Measurement of intracellular H+
After incubating cardiomyocytes for 2 h in a medium containing 141 or 146 mEq/liter Na+, intracellular H+ levels ([H+]i) were examined (21). Cardiomyocytes grown on glass-bottomed dishes were incubated with 1 μmol/liter LysoSensor Green DND-153 for 30 min. After washing out the external dye, the cells were incubated in DMEM containing 141 and 146 mEq/liter Na+, and [H+]i levels in a single cell with 10–7 mol/liter aldosterone were measured using LysoSensor Green DND-153 fluorescence with Lumina Vision (Mitani Co., Fukui, Japan).

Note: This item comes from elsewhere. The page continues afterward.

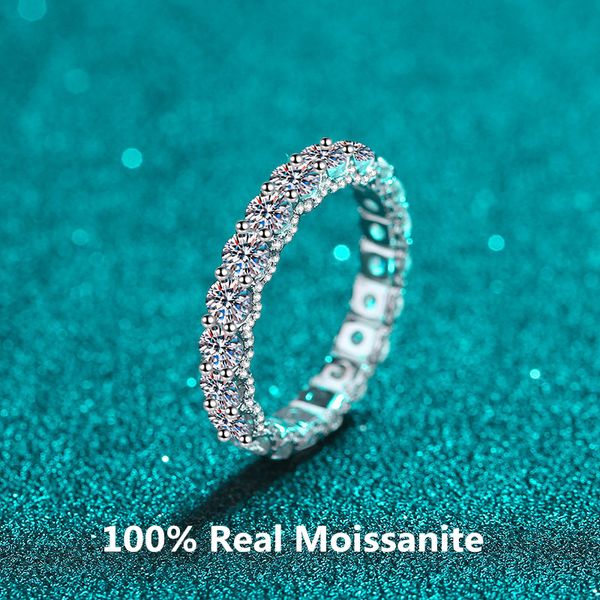 

with side stones 18k white gold 925 sterling silver luxury ring 3.0 color vvs1 diamond rings women girls party jewelry 230410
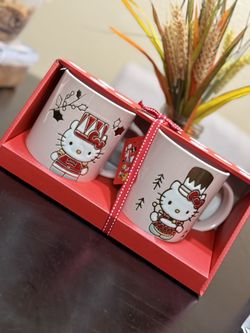 Hello Kitty Nutcracker Mugs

The cells were pretreated with SM 20220 or eplerenone just before this measurement.
Statistical analysis
Data are expressed as means ± SEM. Statistical analysis was performed using one-way ANOVA followed by multiple comparisons using Fisher’s protected least-significant difference and unpaired Student’s t tests, as appropriate. Values of P < 0.05 were considered significant.
Results
In the present study, we evaluate the actions of aldosterone in time course divided into early phase (0–6 h) and late phase (72 h).

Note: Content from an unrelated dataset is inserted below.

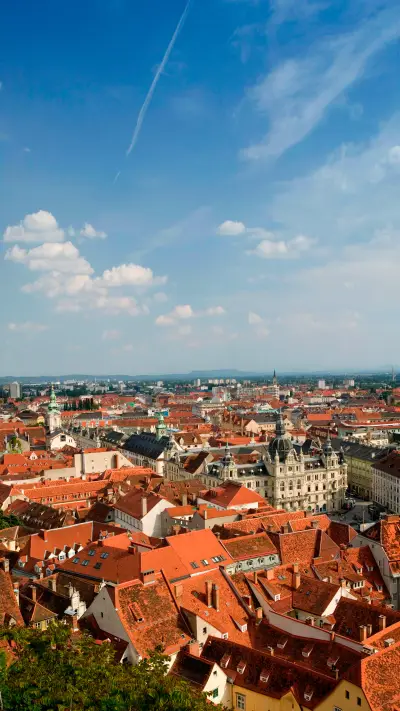 Town view with town hall rathaus from schlossberg gratz - Screenshot 1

Effect of aldosterone on cardiomyocyte size in the presence of normal and elevated [Na+]o at early phase
Figure 1A shows the morphology of neonatal rat cardiomyocytes after 2 h in the presence of normal (141 mEq/liter) or elevated (146 mEq/liter) [Na+]o with and without 10–7 mol/liter aldosterone. There was no change in the size of the cells in the presence of 141 mEq/liter Na+ with or without aldosterone. In the presence of 146 mEq/liter Na+ without aldosterone, however, the cells became substantially smaller, and this shrinkage was blocked by the addition of aldosterone.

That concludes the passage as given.